Stored entries:
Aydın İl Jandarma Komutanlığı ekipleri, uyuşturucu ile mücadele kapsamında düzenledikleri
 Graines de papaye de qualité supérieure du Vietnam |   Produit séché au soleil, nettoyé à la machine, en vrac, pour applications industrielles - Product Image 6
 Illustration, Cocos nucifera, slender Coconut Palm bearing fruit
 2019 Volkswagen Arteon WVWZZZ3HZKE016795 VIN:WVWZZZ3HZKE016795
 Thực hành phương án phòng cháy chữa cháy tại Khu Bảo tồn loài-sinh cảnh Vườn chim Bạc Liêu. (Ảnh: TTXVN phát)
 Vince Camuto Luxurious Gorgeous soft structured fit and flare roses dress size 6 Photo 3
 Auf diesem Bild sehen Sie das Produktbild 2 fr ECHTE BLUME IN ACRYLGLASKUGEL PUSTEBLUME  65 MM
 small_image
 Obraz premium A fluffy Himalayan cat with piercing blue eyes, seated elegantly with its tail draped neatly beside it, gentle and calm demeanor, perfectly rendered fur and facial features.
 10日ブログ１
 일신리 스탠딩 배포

* **TASK**: Starting from the line that contains "Obraz premium A", reproduce each line of the data exactly through the last one.

* **SOLUTION**:
 Obraz premium A fluffy Himalayan cat with piercing blue eyes, seated elegantly with its tail draped neatly beside it, gentle and calm demeanor, perfectly rendered fur and facial features.
 10日ブログ１
 일신리 스탠딩 배포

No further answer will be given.